Task: Retype the data exactly, from its first line to the line containing "SAUKOLE Summer Dresses", including both, and skip any picture.

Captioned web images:
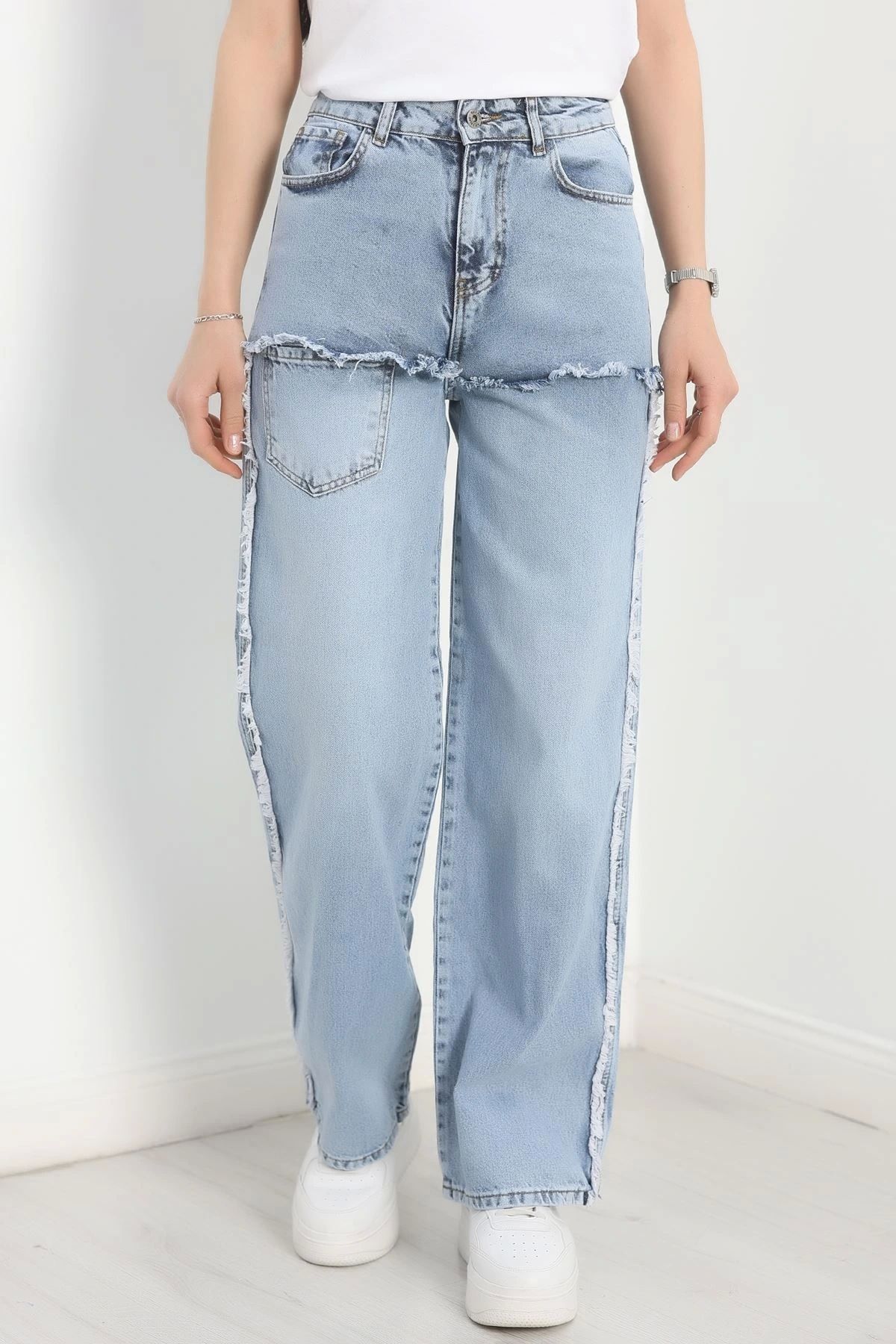 OurStyles Cep Detay Püsküllü Palazzo Kot Pantolon Buzmavi - 30587.01975.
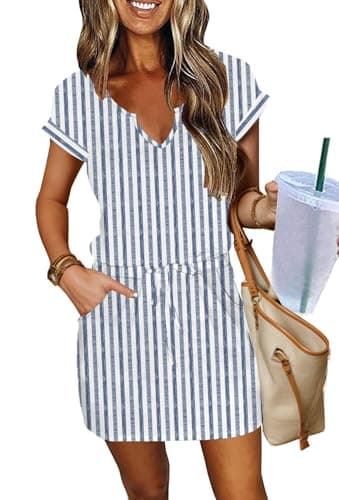 SAUKOLE Summer Dresses for Women 2026 Casual Loose V Neck Dress Trendy Drawstring Waist Sundresses with Pockets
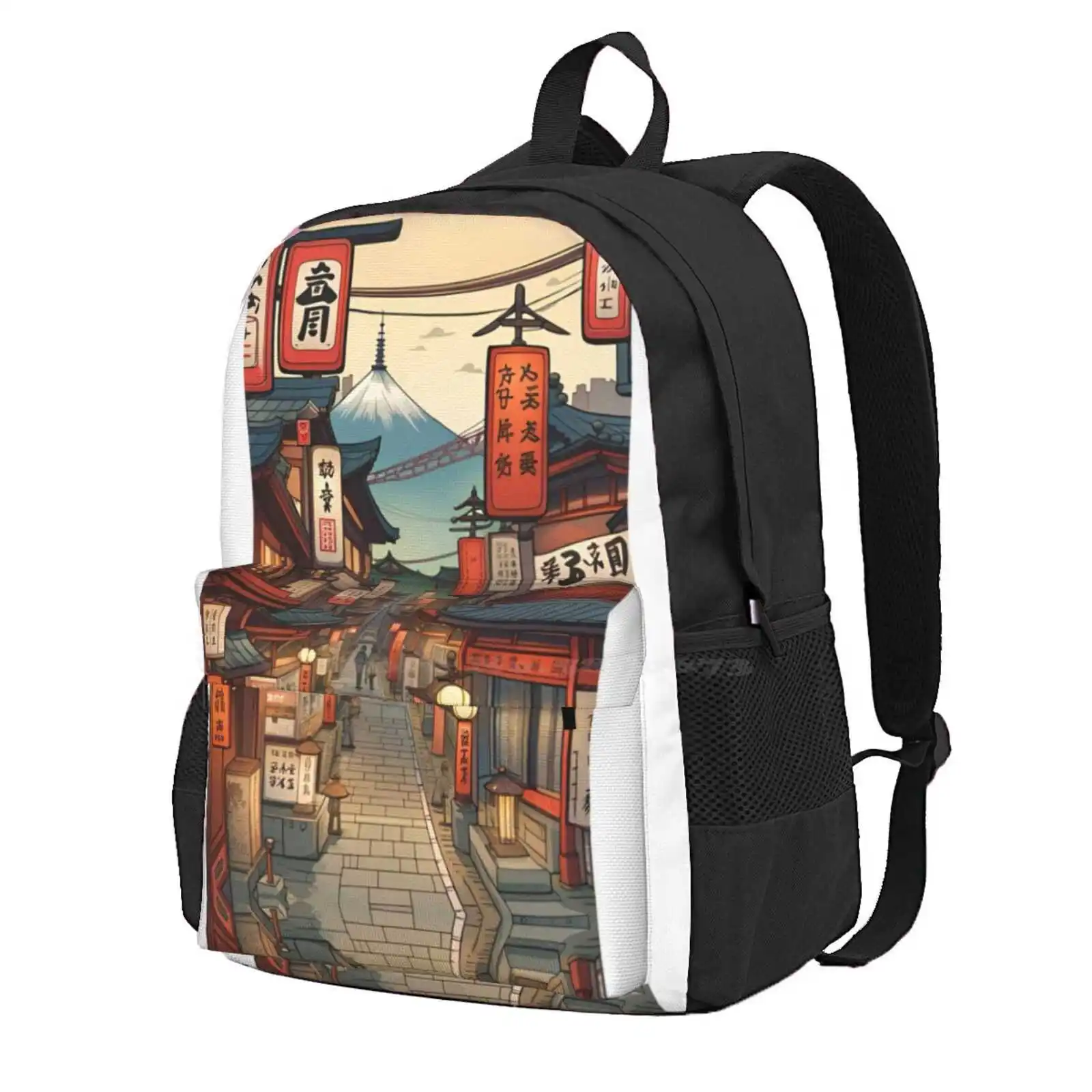 Japan Town Hot Sale Schoolbag Backpack Fashion Bags Japanese Cute Anime Kawaii Manga Retro Vintage Aesthetic Ramen Red Tumblr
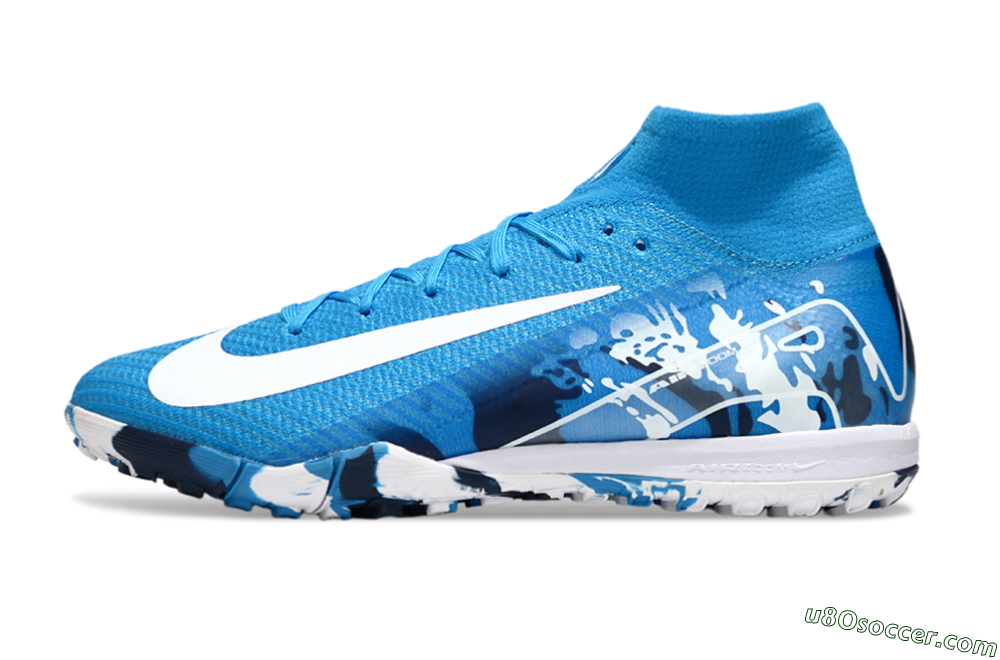 Nike Air Zoom Mercurial Superfly 10 Elite TF Artificial Turf Soccer Shoes - Blue/White 2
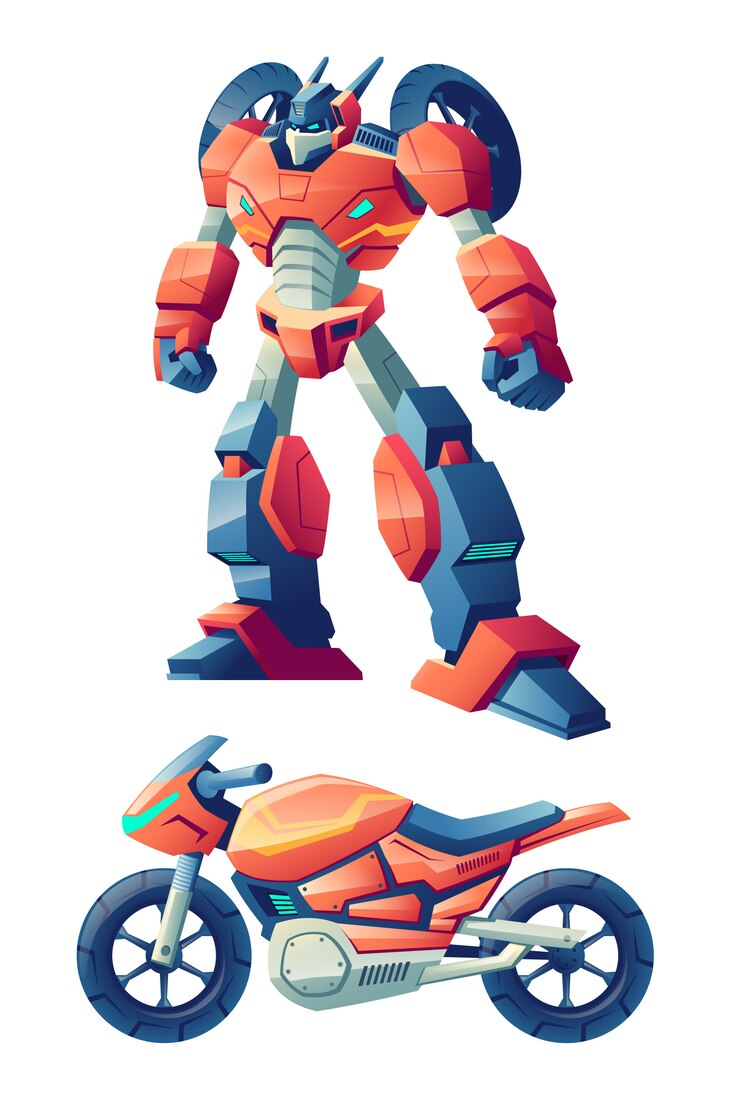 Vector Gratis red battle robot capable to transform in racing motorcycle, sport bike cartoon 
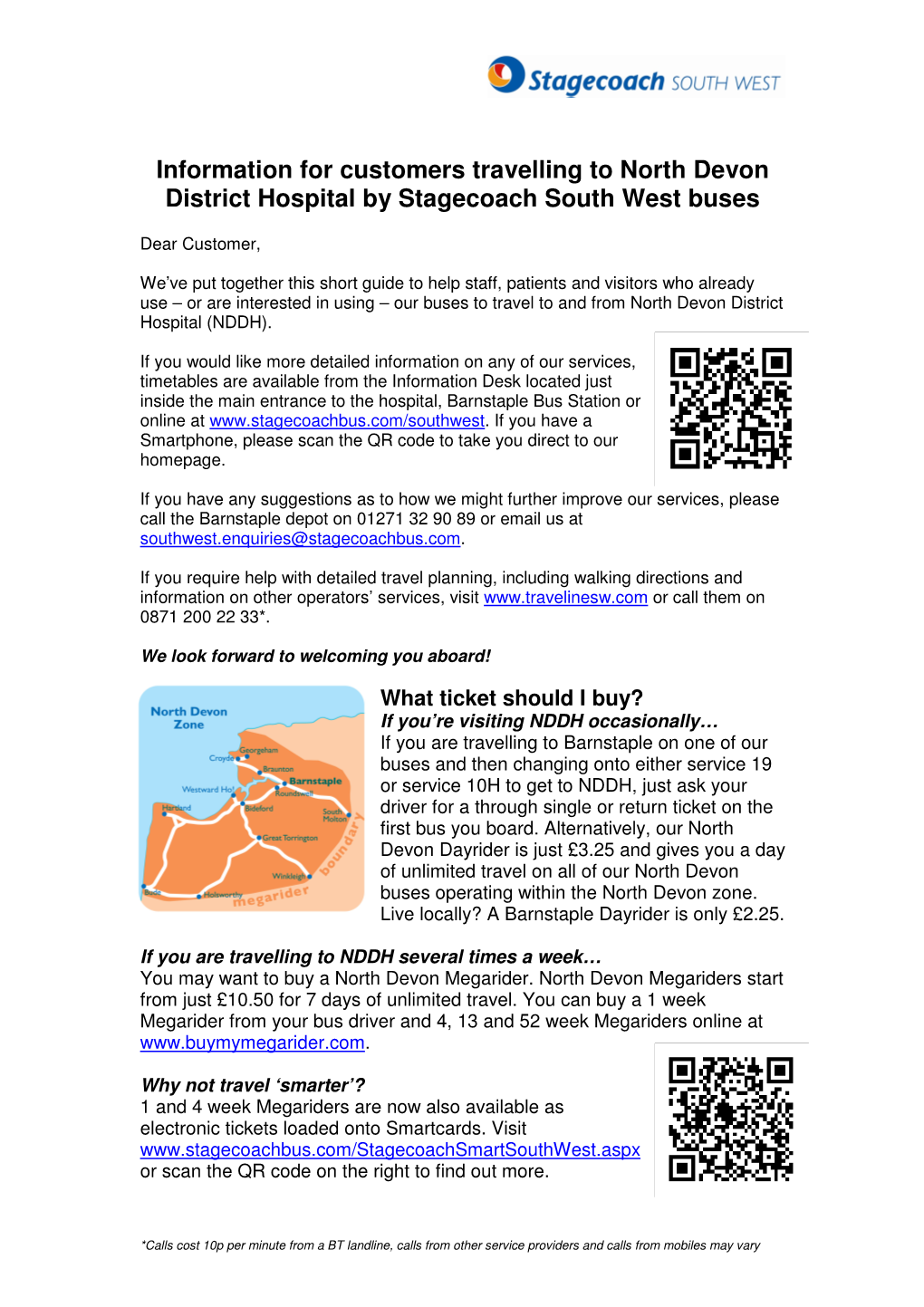 Information for Customers Travelling to North Devon District Hospital by Stagecoach South West Buses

Reply to the task:
 OurStyles Cep Detay Püsküllü Palazzo Kot Pantolon Buzmavi - 30587.01975.
 SAUKOLE Summer Dresses for Women 2026 Casual Loose V Neck Dress Trendy Drawstring Waist Sundresses with Pockets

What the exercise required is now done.